I think more than anything, I know that when I dream, I must be specific. I have to know what to look for when it finds me. The funny thing about God is that while He answers our prayers, He will still make sure our "answer" is saturated in purpose and with pure intentions. No matter what we think may be right for us, God always tailor makes our breakthrough. I am confident in knowing that is what He has given me in him.


It's almost indescribable. Its like believing in a rainbow and you finally see one up close and in person. You are merely speechless. Not only is the rainbow remarkable, but the fact that your belief has not been in vain. It's funny how the enemy makes you think you're crazy for holding on to what God promised. Like you are a fool for believing that you will someday get what you deserve. I am here to tell you that you need not stop believing. Hold on to what you want and to what God said he would do.


I don't know what road he and I will take in the future or what is in store, but I know what my heart feels....full. To know that God has me in the palm of His hands in the midst of my life's storm is the greatest feeling in the world. During one of the worst times in my life, God was able to send me a tailor made man for my circumstances and my journey. Don't get me wrong, I am not making this man to be a super hero, because those certainly aren't my intentions. I know he's not perfect and that things won't always be rosey. I just know that God has blessed me immensely by sending this man in my life. I will do everything in my power to be a blessing to him as he has been to me. Words cannot express the way he has transformed my belief. For that, I am forever grateful.
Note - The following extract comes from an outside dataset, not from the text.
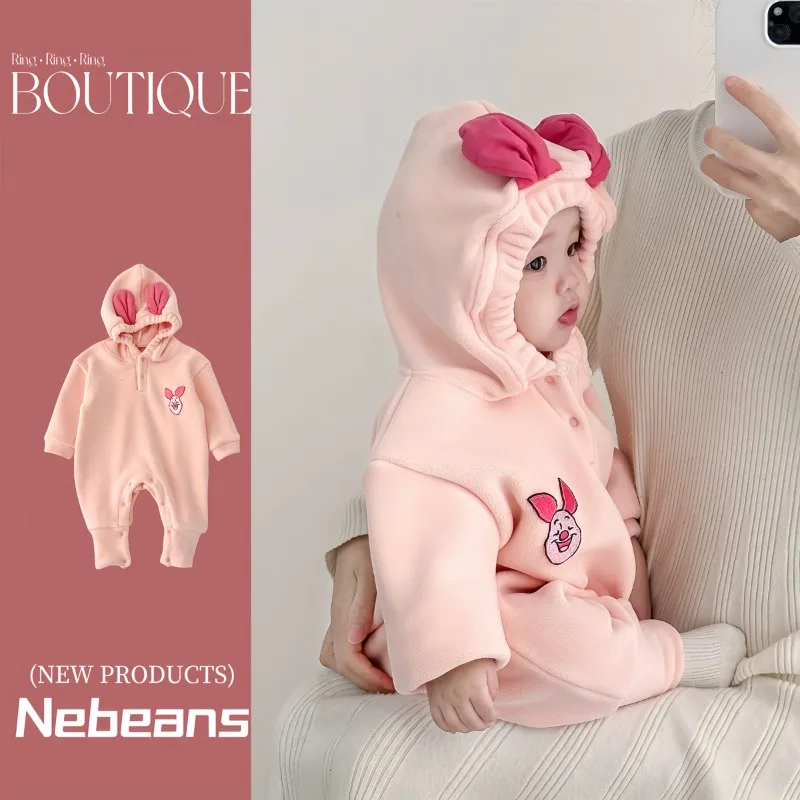 Nová jeseň zima dievčatko chlapec Romper dlhé rukávy s kapucňou Donald Donald Duck Pig Pretlače fleece novorodenecká neformálna kombinéza H4290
I leave you with this, "If you stop believing, who will you be disconnecting from? Whose life will you be altering? What part of the universe will lack because you have chosen to give up? What soul will be empty without you?" You can be the missing link to some one's greatness. All it takes is a moment to change some one's life. Some of us will be so fortunate to find someone to make us whole for a lifetime. God can do it, just keep believing.


Loving every minute of this dream because it's now my reality,


~Mel

2 comments:

it'sok2bu*nique* said...

thanks!!!!!

i am going to keeping dreaming and staying prayful!

Unknown said...

Wow, I am so happy for you. Thank you for sharing this today, I can't wait to share it with someone I know that needs to read this. I am going to contine praying and dreaming.